London and the UK are a strategic market for us so one of my proudest achievements was launching Virtuo in London which was a huge milestone for the business. As one of the most competitive car rental markets in the world, we are delighted to see how well received Virtuo has been in London. Having launched in five locations last July (St Pancras, Victoria, Waterloo, Kensington, and Marble Arch) we have doubled-down on expansion. Since last summer, we have expanded our service to five other London locations (Stratford International, Shepherd’s Bush, London Bridge, Liverpool St and Earl’s Court) and Heathrow Terminals 2 and 3. London is the biggest car rental market in Europe; its low car ownership and its young, tech-oriented population make it the perfect market for us and we are hoping it will be even bigger than Paris for us one day!

Additionally, we launched in Manchester and Edinburgh this month, with more locations to follow later this year.

How do you differentiate your business from others?

From a customer perspective, we wanted to tackle the issues of using traditional car rental services; from long queues and up-sells, to ambiguous paperwork and receiving a car you never actually booked. Through technology, we are able to find solutions to all of these issues. With our 100% mobile car rental, you go directly to the car you actually booked, and everything is carried out in-app, including the damage report.

From a business perspective, car rental has never been built from a 100% mobile angle. This means that we can operate in a way not seen in the market before. Our technology allows us to innovate and launch features not traditionally expected of car rental; from pop-ups and delivery to one-way rentals, we have a lot of exciting innovations coming soon.

What’s it like to be your own boss?

It’s a great learning experience! While you have a lot of freedom and can make big decisions, there’s a lot of responsibility you place on yourself to make the business succeed. It’s key to make sure that you surround yourself with loyal partners and employees who can help you as well as challenge you.

Where do you see your business in 5 years’ time?

With Virtuo we want to radically transform mass market extra-urban transportation. We are building a new way for city dwellers to experience cars for extra-urban trips.

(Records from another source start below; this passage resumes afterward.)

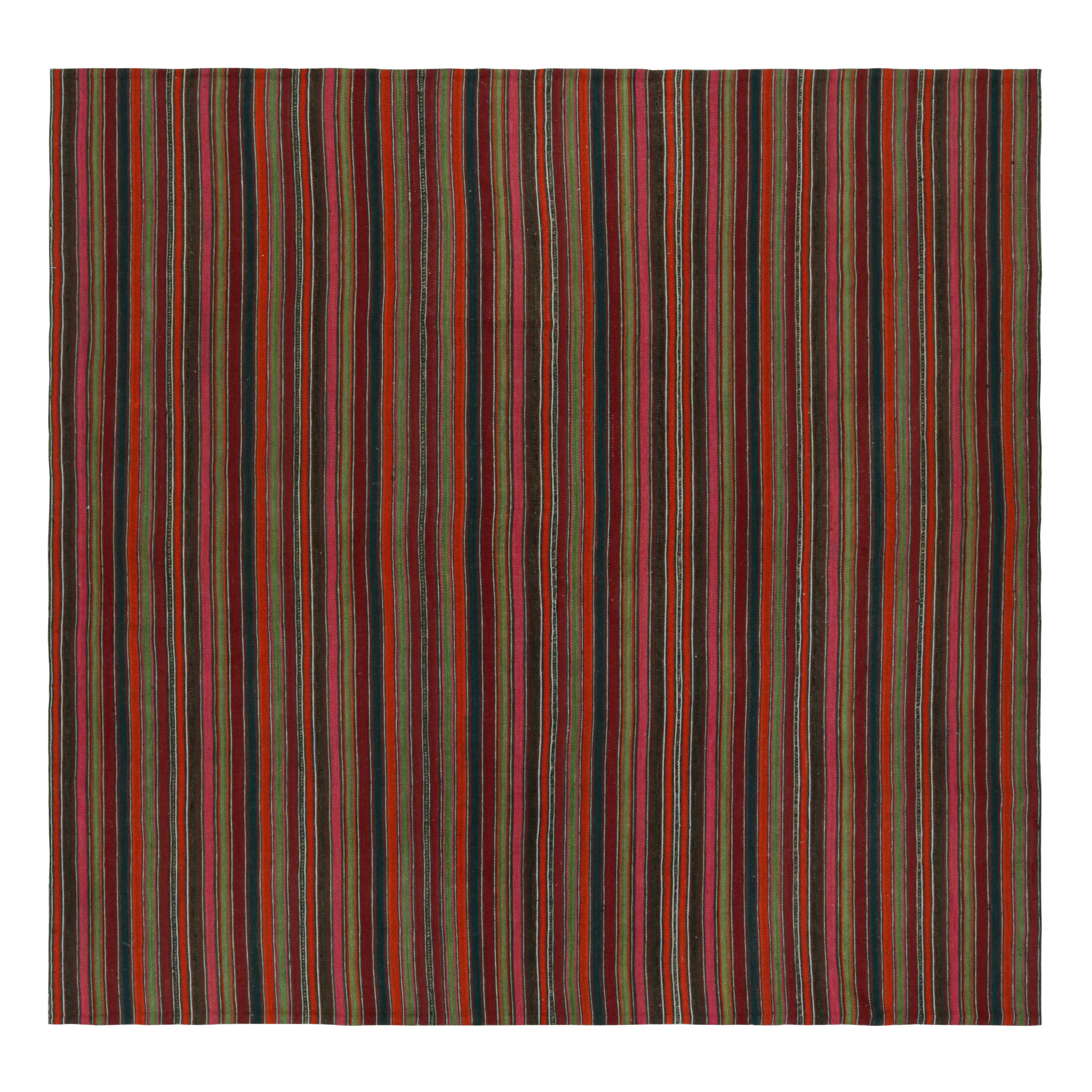 Vintage Tribal Persian Kilim in Polychromatic Stripes by Rug & Kilim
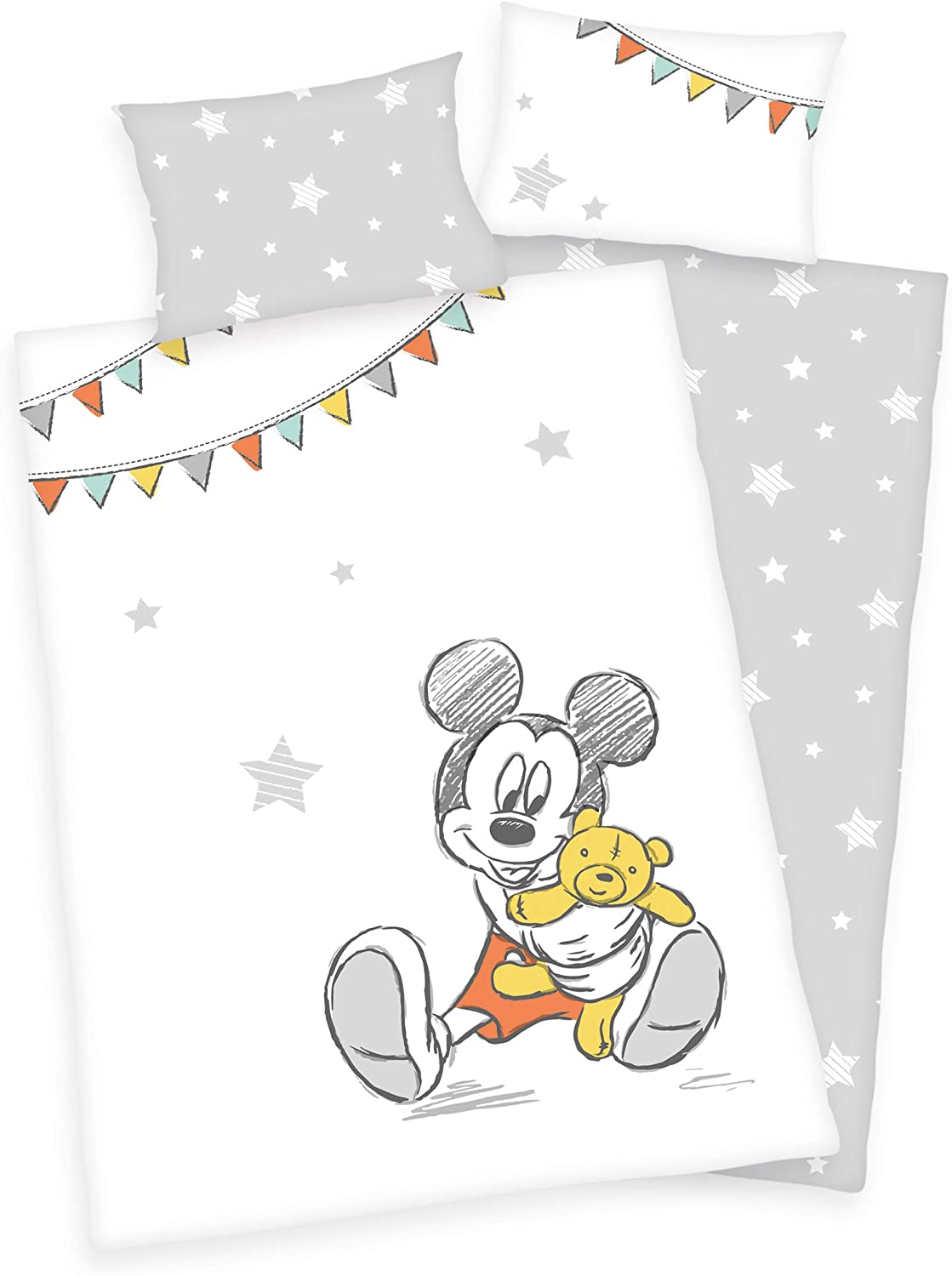 3-Piece Set. Baby/Childrens Bed Linen Motif: Mickey Mouse Renforcé 100 X 1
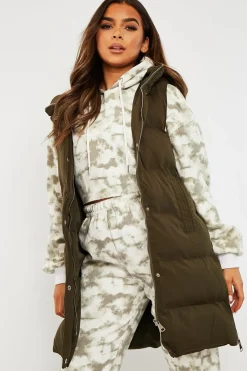 Rebellious Fashion Khaki Side Zip Long Sleeveless Puffer Coat - Priyah
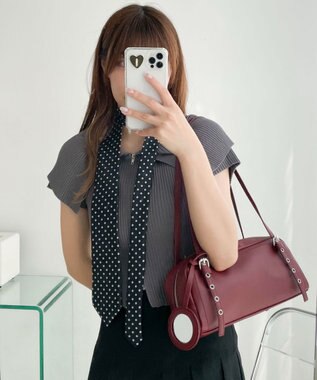 WEGO ミラー付きボストンバッグ レッド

We will bring the consumer closer to the latest innovations, increasing their adoption of urban mobility vehicles including electric and autonomous cars.

Above all, we have the ambition to build a strong European business which means being present at most major city centres, airports, train stations and other popular transportation hubs. We are also looking at the US and we have the ambition to be there as well in the next five years.

What advice would you give to aspiring entrepreneurs?

For me there are two key bits of advice for young entrepreneurs:

- Don’t be afraid to try things

It is so important from a young age to give things a go, test ideas and see what sticks. I think it is the very best way of learning as long as you fail quickly and always look back at the lessons you learned. There is no harm in testing a MVP (minimum viable product) and going from there.

- Be patient and build your skills

As much as I would encourage any entrepreneurs to try things, I would also encourage a focus on knowledge and skill-set building. The business world moves at an incredible pace and if your idea takes off, you need to have the confidence, knowledge, experience and skills needed to manage it.